An example of a video histogram for a segment 320 is shown in FIG.
3B. Segment 320 comprises a dark background and a lightning bolt on
the right side of the scene. The corresponding video histogram 321
comprises a blue-white color peak 322 in the portion of the video
histogram 321 corresponding to the location of the lightning bolt
in the segment 320. The intensity of a color may be based on the
number of pixels within a particular frame and/or scene having the
color. A video histogram may be determined for any color space. A
video histogram may provide a chromatic histogram of a portion of
the video data. A video histogram may be determined on any portion
of a segment, including on a per-scene and/or a per-frame basis. A
video histogram may be determined for a particular segment by
determining a distribution of the color values for some or all of
the pixels within the segment and/or particular frames within the
segment. The distribution of color values for particular pixels and
pixels adjoining the particular pixels may be used to identify
movement patterns within the segment.

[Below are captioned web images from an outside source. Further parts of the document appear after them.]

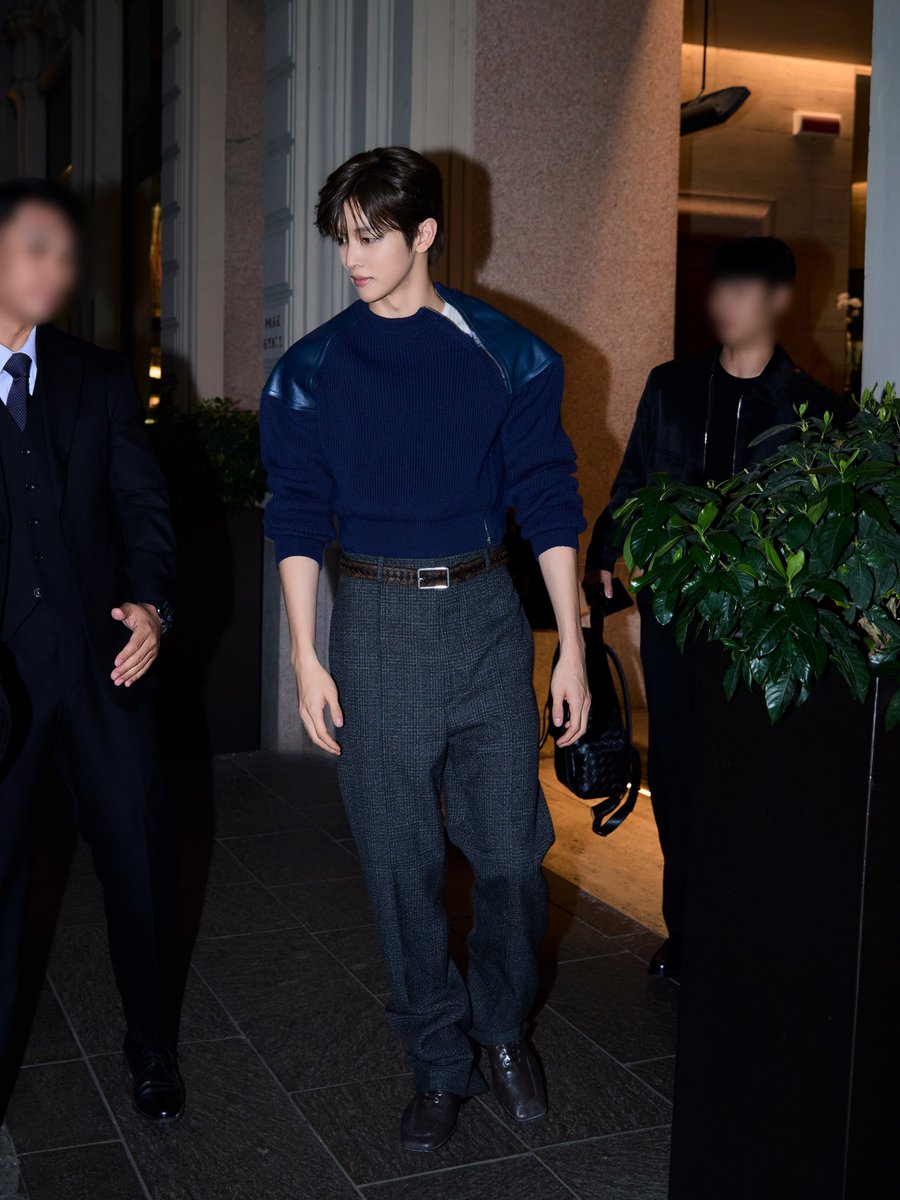 ssungchan_th's tweet photo. ซองชานที่งานแฟชั่นโชว์ BOTTEGA VENETA SUMMER 2027 วันนี้ค่ะ เหมาะสมกับคำว่า “Bottega Prince” ทุกอย่าง

🔗 https://t.co/trLTLG7TEP

SUNGCHAN at BOTTEGA VENETA MFW SS27
#BottegaVenetaSS27xSUNGCHAN
#BottegaVenetaSummer2027
#보테가성찬 #SUNGCHAN https://t.co/mMXvMxJHVq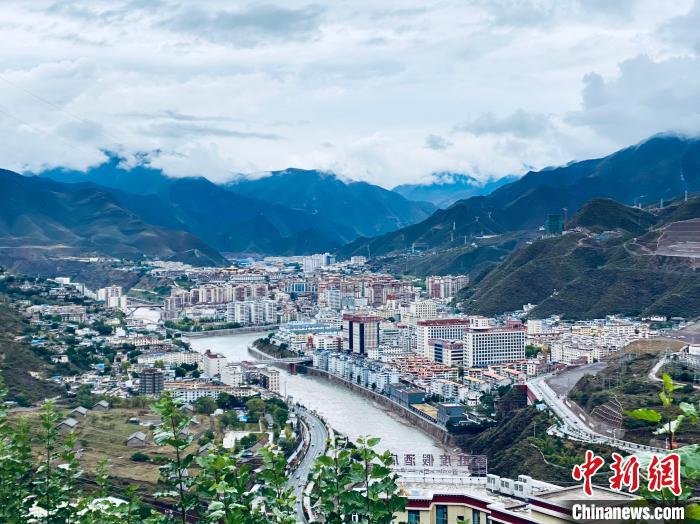 圖為“藏東明珠”昌都?！±罱瓕?攝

Features may comprise timing
data indicating the point in time during the segment at which the
feature occurs. The video timing data may be an absolute time, an
offset from a starting time, an offset from a previous feature, or
any other timing information.
[0037] At step 304, transcoded audio data and/or data generated
from the transcoding of the audio data may be analyzed to determine
one or more features. For example, features of a lightning strike
may comprise audio which is generally quiet with a sudden, loud
effect. For example, features of a walk through a dark forest may
comprise moody ambient audio, such as the sound of crickets
chirping. For example, features of a hit during a baseball game may
comprise a sudden noise followed by the cheering of the crowd.
Features may be determined based on amplitude peaks occurring
within the audio data. Features may also or alternatively be
determined based on silences, short silences, explosions, timbre,
emotional analysis, and other audio analysis. The features may be
used to generate an acoustic signature. For example, a gunshot from
a pistol (occurring at subsonic speeds) are discernable from a
gunshot from a high-powered rifle (occurring at supersonic speeds)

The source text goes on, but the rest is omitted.